Begegnungen. Luise Reddemann im GesprächGlücklichsein - wie geht das?

Wir hatten uns am Kölner Hauptbahnhof in der DB-Lounge verabredetet, weil Luise Reddemann zwischen zwei Zügen gerade ein Zeitfenster hatte, groß genug, um einen Blick auf das Glück zu werfen. Dass mein Zug Verspätung hatte, war nicht eingeplant. Zum Glück hatte sie gewartet.

Luise Reddemann
Prof. Dr. Luise Reddemann, Fachärztin für Psychotherapeutische Medizin und Honorarprofessorin für Psychotraumatologie an der Universität Klagenfurt© Marijan Murat

Rudolf Walter: Ist Glück immer eine Momentaufnahme?
Luise Reddemann: Das ist die westliche Philosophie von Glück. Mir ist die Auffassung der östlichen Denker sympathischer: Wenn man achtsam, mitfühlend, freundlich ist und Freude empfindet, so dass es zur Haltung wird, dann kann man in jedem Moment glücklich sein.

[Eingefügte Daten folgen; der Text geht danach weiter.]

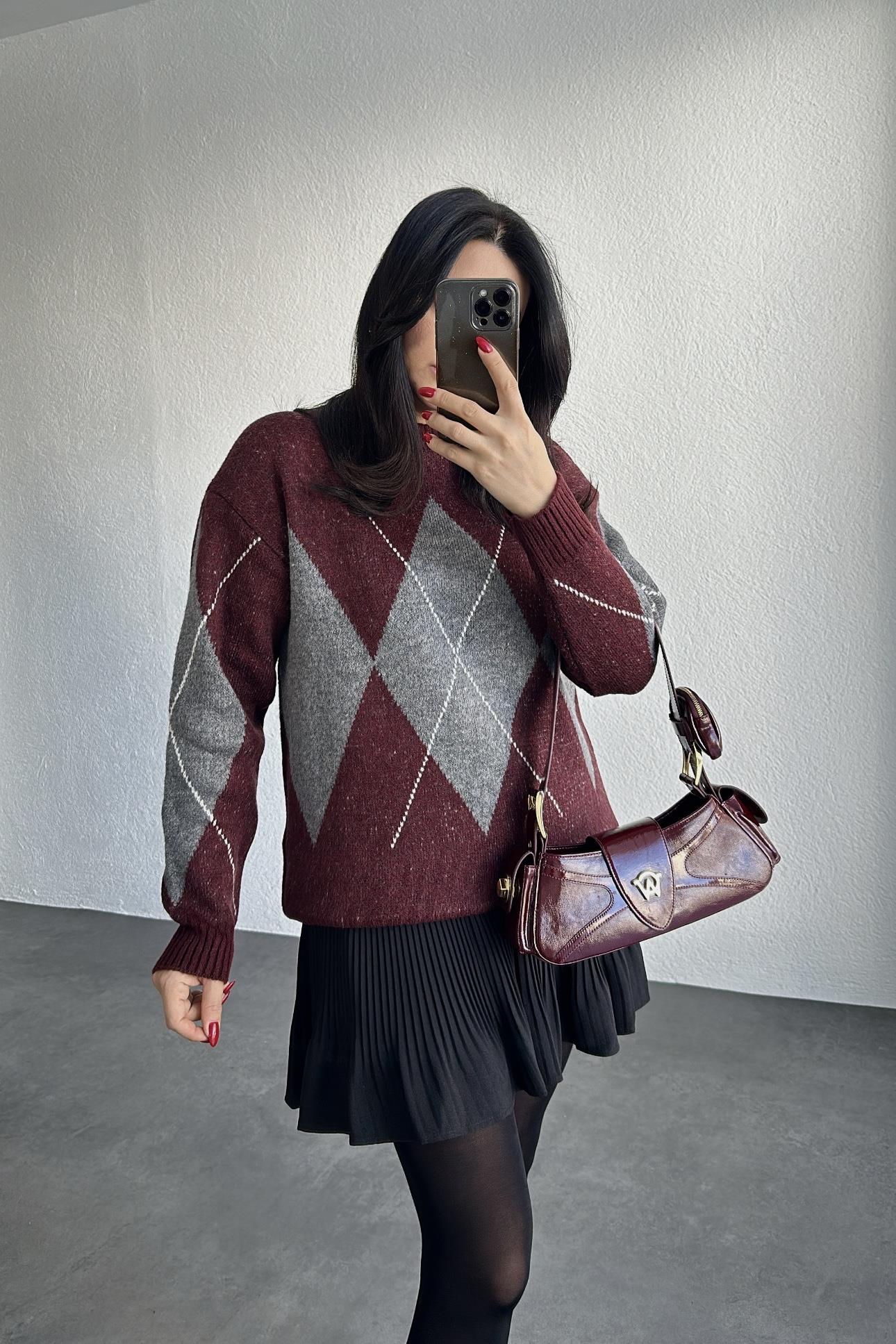 Bordo Gri  Baklava Desenli Triko Kazak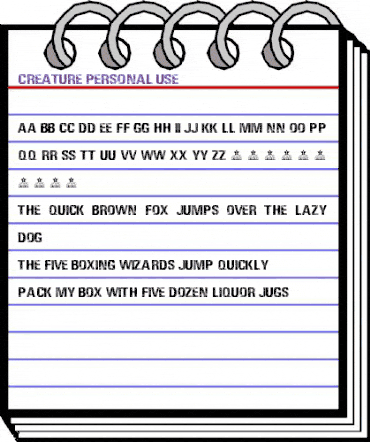 CREATURE Regular animated font preview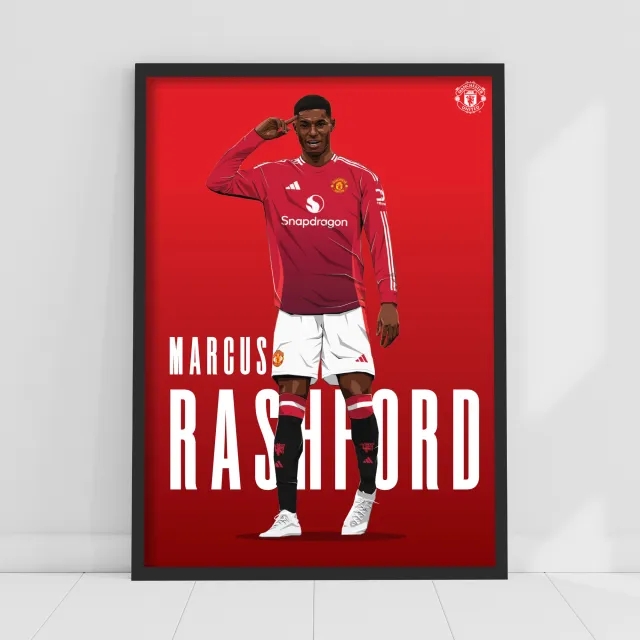 Manchester United Marcus Rashford 24-25 Illustration Print - Framed A3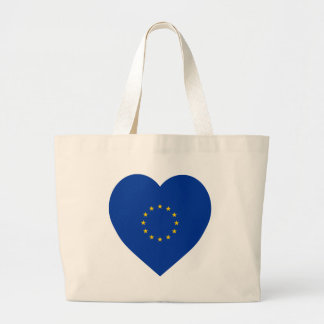 European Union Flag Heart Large Tote Bag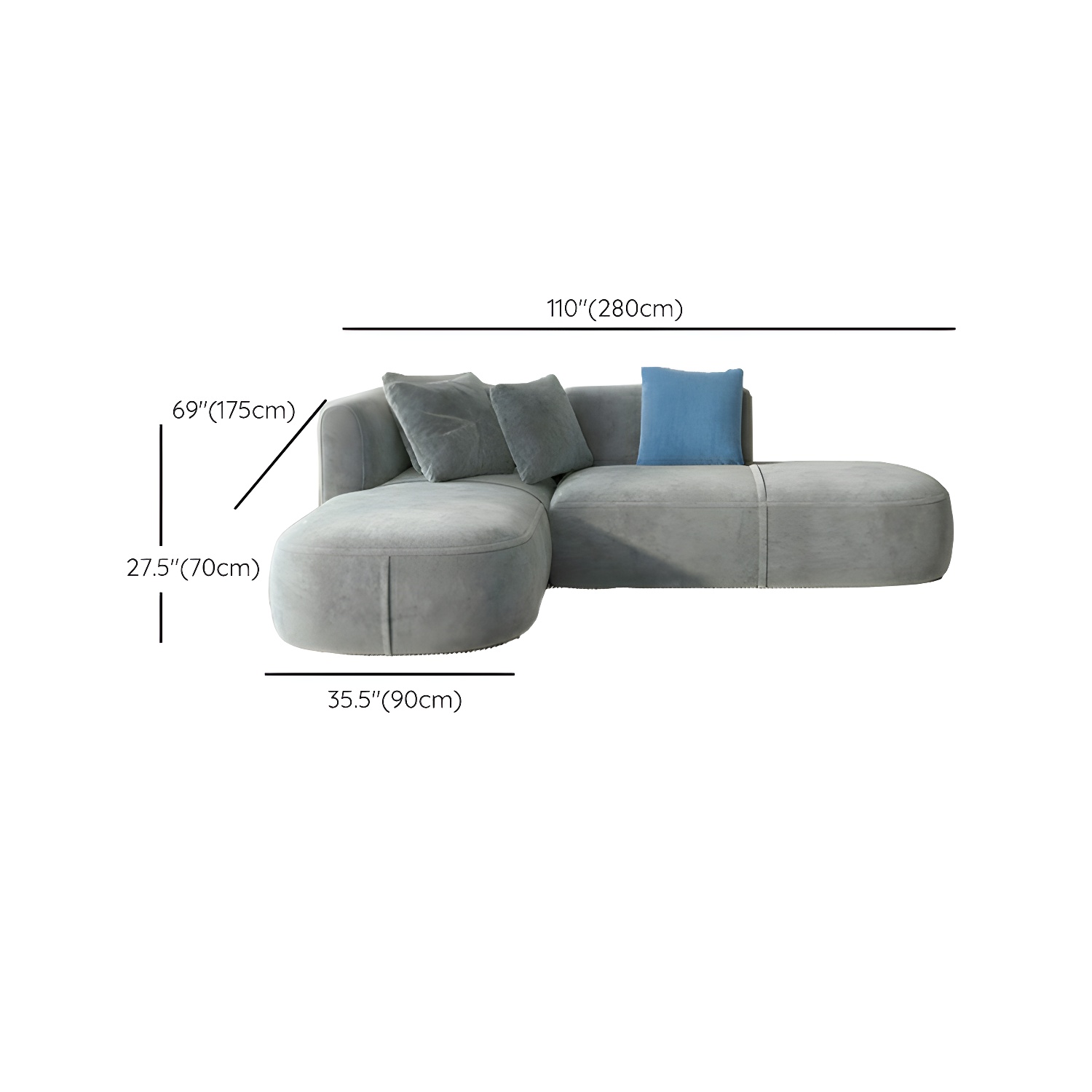 Flannel Sectional Sofa | Ormau - image 25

Ich bin übrigens nicht dafür, dass man das Glück ins Jenseits verlegt. Glück findet hier statt, in diesem Leben. Allerdings ist der größte Denkfehler: dass die meisten Leute glauben, sie wären glücklich, wenn sie etwas Bestimmtes hätten.

Leben Sie selber danach?
Ich versuche es. Ich habe kein großes Interesse am Habenmüssen. Übernachten nicht auch Sie lieber in einem komfortablen Hotel als in einer Absteige? Da ist meine Devise: „Haben, als hätte man nicht“. Ich freue mich dran, aber ich muss das nicht haben. Das macht frei.

Macht Glück frei?
Umgekehrt: Freiheit macht glücklich. Es ist wie mit der Dankbarkeit. Nicht der Glückliche ist dankbar, sondern Dankbarkeit macht glücklich. Wenn ich frei bin und offen für das Leben, wie es nun mal ist … Auch wenn die Bahn sich mal verspätet. Damit habe ich mich abgefunden.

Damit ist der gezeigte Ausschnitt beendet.